August twenty-second dawned with a clear light. An empty sky spread above the window as Clara stirred the family's oatmeal. Tommy and Virginia were already sitting at the kitchen table.
"I don't know. We'll be at the hospital; maybe you could look out the window or something." That was the best Clara could do for him. She had forgotten about her plans to sketch the ship, and the colors she would add. Everything was forgotten - even the long roll of paper under her bed.
So when the Zeppelin glided into view outside Mama's window looking close enough to touch, she stared at first, blank-eyed. Papa looked up; Virginia and Tommy were waving to the tiny faces underneath the ship.They didn't wave back. Clara knew those people were much too far away to see them standing in the window. It was a big, strange metal thing to Clara and it did not belong in her world.

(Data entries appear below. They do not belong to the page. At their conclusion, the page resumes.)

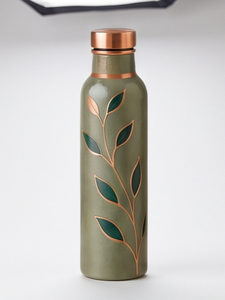 Premium Ayurvedic Enamel Painted <b>Copper</b> <b>Water</b> <b>Bottle</b> Artistic Leafy Branch Design Leakproof Metal Sports <b>Bottle</b> Manufacturer - Product Image 1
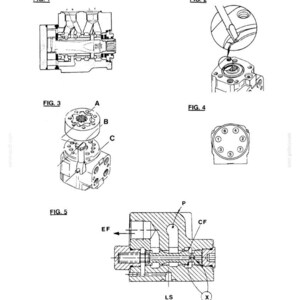 May include: Technical diagrams of hydraulic systems components, including cross-sectional views and detailed illustrations. The image includes figures labeled 1 through 5, with annotations and labels for various parts and sections.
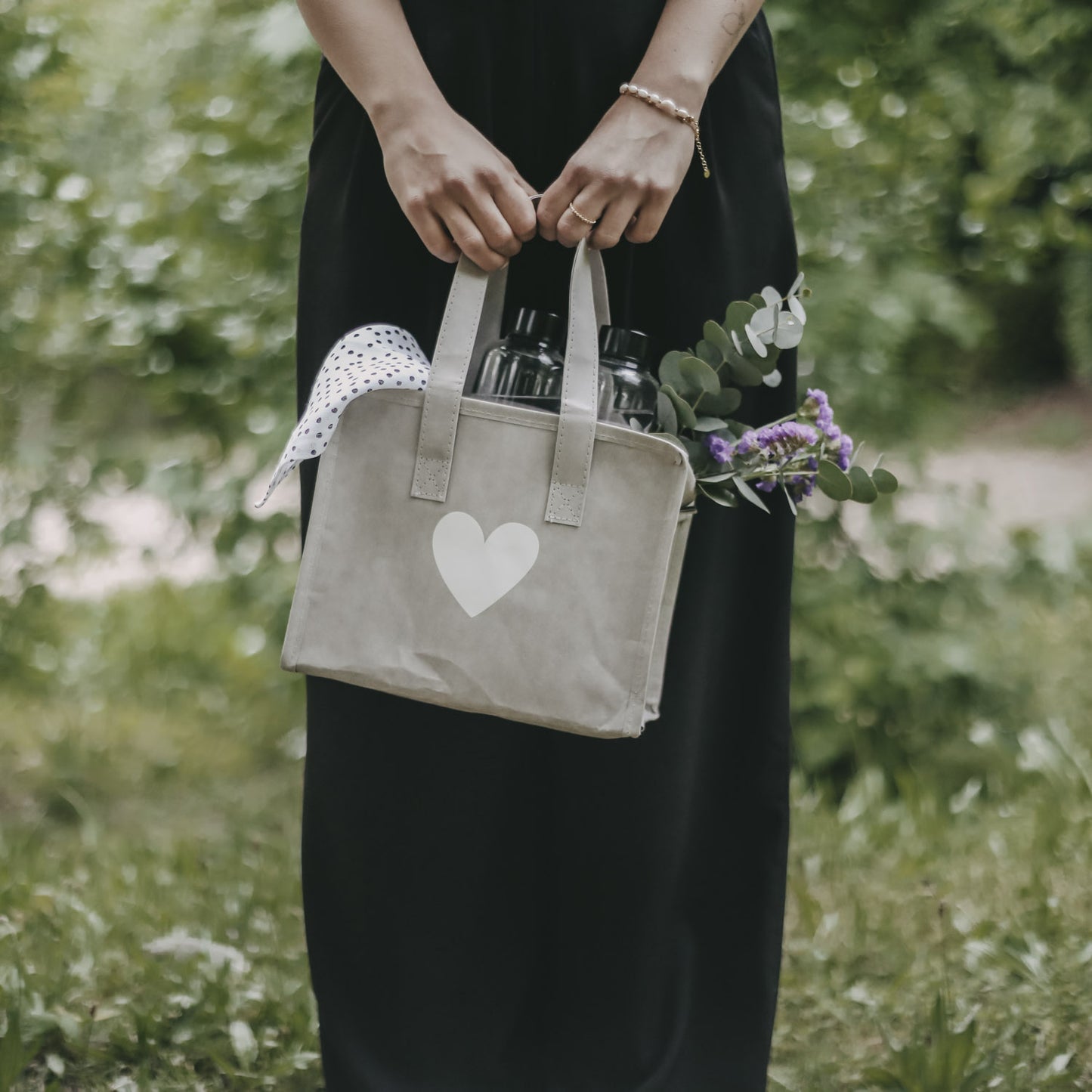 Kühltasche klein "grau Herz"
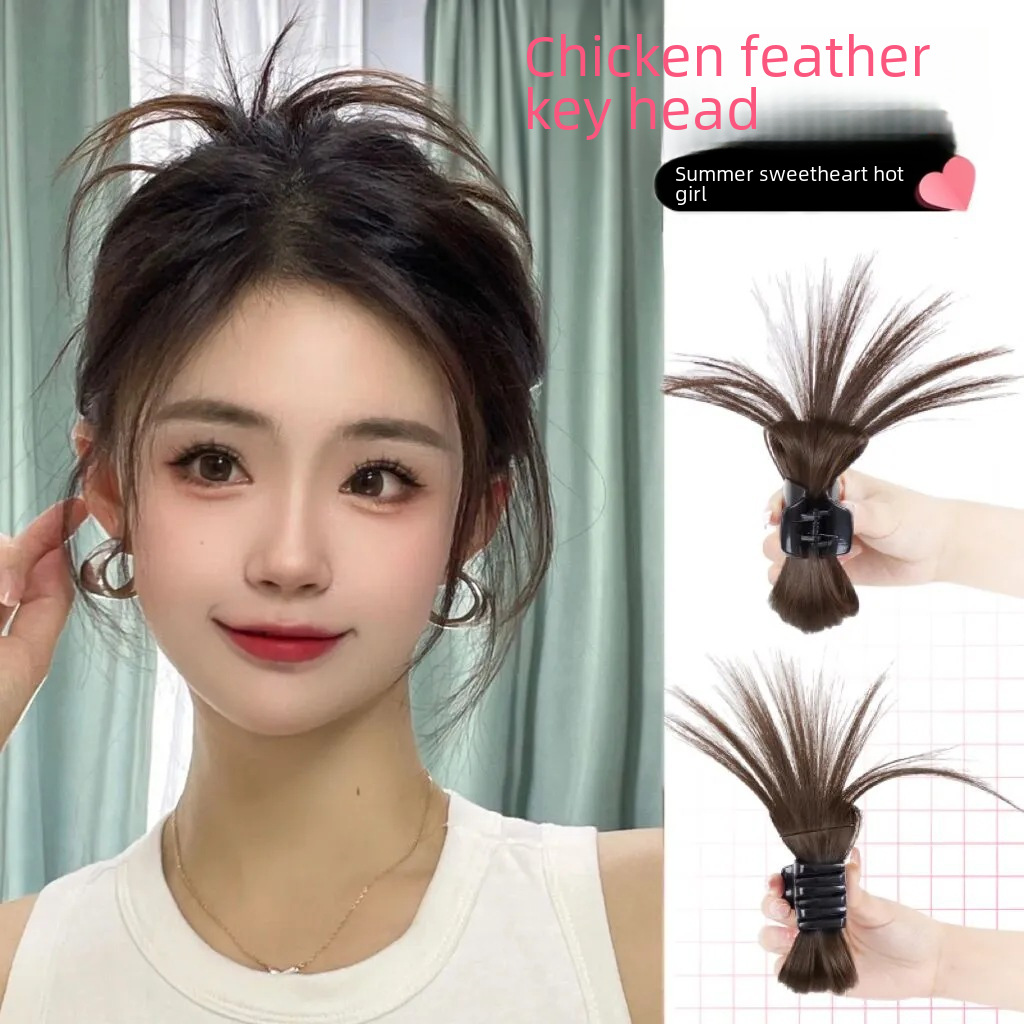 Fermaglio per capelli accessori per capelli fritti vento pigro piuma di pollo volano testa fontana coda di cavallo alta ragazza calda nido di pollo fermaglio per capelli borsa per capelli_voghion.com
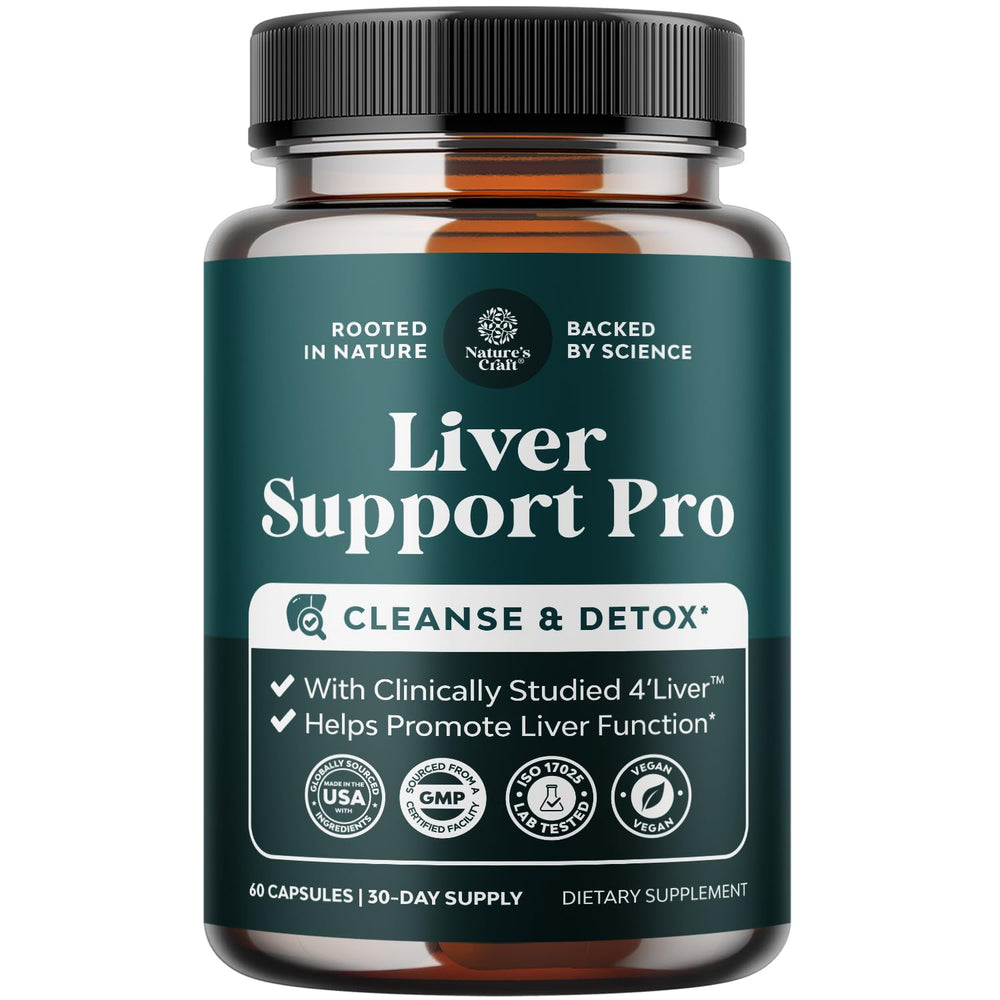 Natures Craft Pro Liver Support bottle showcases premium packaging for daily liver care.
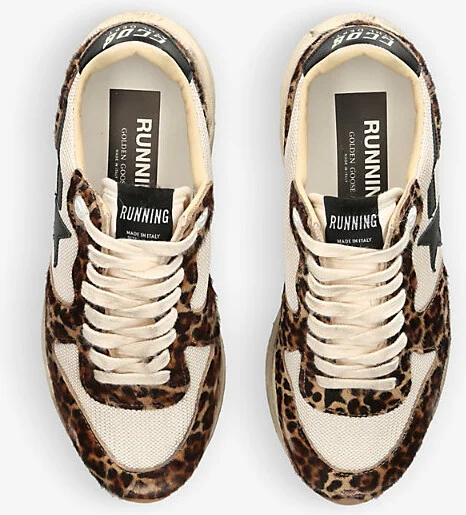 Womens Beige Women's Running Sole 15399 Leopard-Print Leather and Mesh Trainers Eur 35 / 2 Uk Women - Image 2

Still... her eyes filled with tears as the ship made its way slowly across the horizon. It was just about to dissolve into the air, a tiny bright point, when the sun caught it for an instant. The glowing point melted into a fiery rose, tinted with lavenders Clara had never seen before. Watching the colors fade, she tried to hold them in her mind so she could use them some day. She could paint the clouds, rivers, or even the sky - pure and endless on a summer morning.